The figure shows in its upper part a time course 1 a mains voltage u (t), at which a triac for driving a drive motor of a washing machine is applied, and a time course 2 of a motor current i (t). The time t is plotted on the x-axis. In its lower part, the figure represents a series of firing pulses 3 which are delivered to a control terminal of the triac with a time delay. By the ignition pulses of the triac is turned on. If the triac functions properly, it is to be expected that after ignition of the triac by the emission of an ignition pulse 3 the motor current i (t) flows until it reaches the value zero. After an ignition pulse 3 should thus keep the motor current i (t) itself.

Based on the gradients 1 . 2 Now a method for functional testing and monitoring of the triac will be explained in more detail. The history 1 In the figure, the line voltage u (t) starts with a first zero crossing (n-1), passes through a second zero crossing (n) after the time of half a mains wave and ends after the time of a complete net wave or after passing through a third zero crossing (n + 1). The method is thus explained on the basis of a complete period of the mains voltage.

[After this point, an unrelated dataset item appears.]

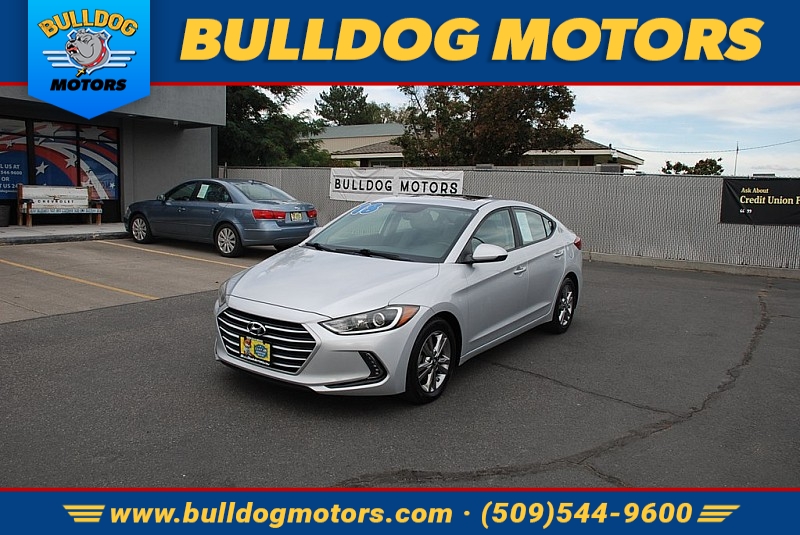 Used 2018  Hyundai Elantra Value Edition 2.0L Auto (Ulsan) at Bulldog Motors near Pasco, WA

During the period of half the mains wave of the mains voltage u (t), ie between the first zero crossing (n-1) and the second zero crossing (n) of the mains voltage u (t) becomes a firing time t, a first pulse 3 delivered to the control terminal of the triac, and the triac is ignited. After a time difference Δt, ie at a current flow time t ₂ , the motor current i (t) begins to increase flow. The time difference Δt depends on the physical properties of the triac.

The time shift between the ignition of the triac and the beginning of the current flow i (t) can also be explained by means of ignition angles. In order to regulate the rotational speed of the drive motor, a nominal ignition angle is calculated for the activation of the triac for each mains half-wave, which is normalized in relation to the duration of half a mains current. The normalized desired firing angle α _{soll, norm (n)} , which defines the instant t, is depicted in the figure. The desired firing angle α _{soll, norm (n)} can now be compared with a measured normalized actual firing angle α _{ist, norm (n)} . In this case, the actual ignition angle α _{ist, norm (n) is} defined by a time difference between the second zero crossing (n) of the mains voltage u (t) and the current flow time t ₂ with respect to half the period of the mains voltage u (t). If one then compares the desired firing angle α _{soll, norm (n)} with the actual firing angle α _{, norm (n)} , the difference between the two angles equals the time difference Δt.

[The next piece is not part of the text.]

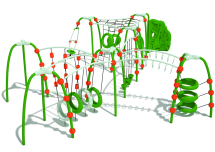 Спортивный комплекс СК-005 для уличной площадки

In order to check the triac for an error function, the time difference .DELTA.t is compared with a reference value stored in a memory of a control unit. This reference value is defined as a function of the physical properties of the triac and of the response time of the motor current evaluation. The reference value can be determined, for example, by experiments or by a mathematical model. If the measured time difference .DELTA.t deviates from the reference value, in particular if it exceeds the reference value, then an error function of the triac can be deduced.

The time difference Δt between the ignition time t ₁ and the current flow time t ₂ during the period of the first half-wave, ie between the first zero crossing (n-1) and the second zero crossing (n) of the mains voltage u (t), as shown in the figure In the present example, this represents a proper operation of the triac. Referring now to the time duration of the second half-wave, ie the time duration between the second zero crossing (n) and the third zero crossing (n + 1) of the mains voltage u (t), is an error case in the operation of the triac presented.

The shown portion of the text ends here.